Mayor Bill de Blasio on Tuesday said there have been 1,032,158 COVID-19 shots administered in the Big Apple to date — a figure he had hoped to reach last month. Of that amount, 716,492 were first doses and 222,763 were second.

His wife, First Lady Chirlane McCray, got her shot in the arm Tuesday at Kings County Hospital in Brooklyn. McCray qualified for the immunization because of her age, 66.

Hizzoner blamed state and federal bureaucracy for the lag in local immunizations, as well as drug manufacturers, saying at his own press briefing, “We need to see the pharmaceutical companies set up in a way they are not right now,” noting there are only two immunizations currently available.

Cuomo predicted the shortage would not be substantially alleviated until drug-maker Johnson & Johnson’s one-shot vaccine gets to market. 

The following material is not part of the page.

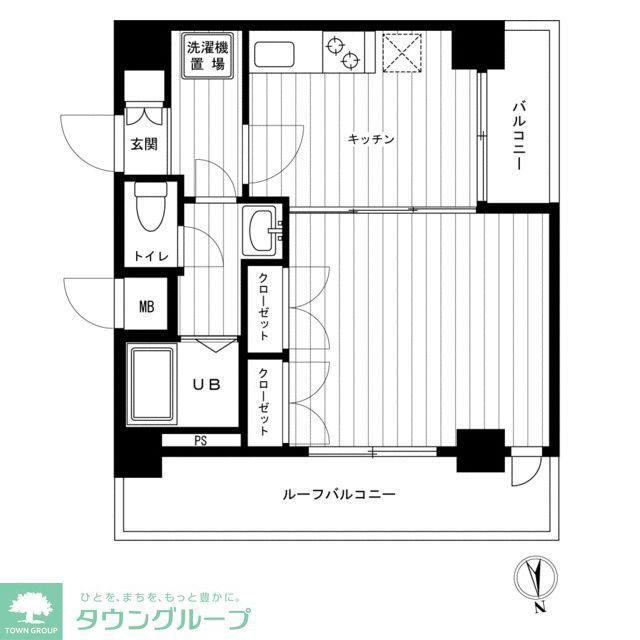 エスコート大森(1DK/5階)の間取り写真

“The supply will only increase when and if Johnson & Johnson[‘s vaccine] is approved,” the governor said, adding that there should be news on that front in the next two weeks.

“The Pfizer, Moderna vaccine is ramping up, but the ramp-up is relatively slow,” Cuomo said of the two immunizations currently being used. “So we won’t see a major supply increase from Pfizer and Moderna … nowhere near what we need.”

He added that the feds on Tuesday had said they are “adamantly opposed” to states using second-dose supplies for first doses amid the shortage.

Cuomo said that in the case of people who get first doses but don’t show up for their second shots, the state has to wait 42 days before it can use the immunizations on other people. 

And if someone shows up for their second shot after the 42 days, the state must still come up with that follow-up dose, the governor added. 

The state and the city are still wrestling with racial disparities among those who get the vaccine — prompting a state senate bill demanding that the state Health Department “provide a public vaccination plan detailing the steps being taken to ensure the equitable distribution of a COVID-19 vaccine,” according to a release from its upstate Democratic sponsor, Sen. Tim Kennedy of Buffalo.

The senate Health Committee on Tuesday approved having the entire body vote on the bill.

The developments come as the statewide positive-test rate for the virus Tuesday was 5.12 percent — although New York’s rolling seven-day average has dropped to 4.3 percent, the lowest since Dec. 1, Cuomo said.

New York City’s latest seven-day average is 8.09 percent, de Blasio said.

Long Island still leads the state in terms of regions’ positive-test rates, with 5.36 percent, Cuomo said, while The Bronx is the city’s most troublesome area at 6.8 percent.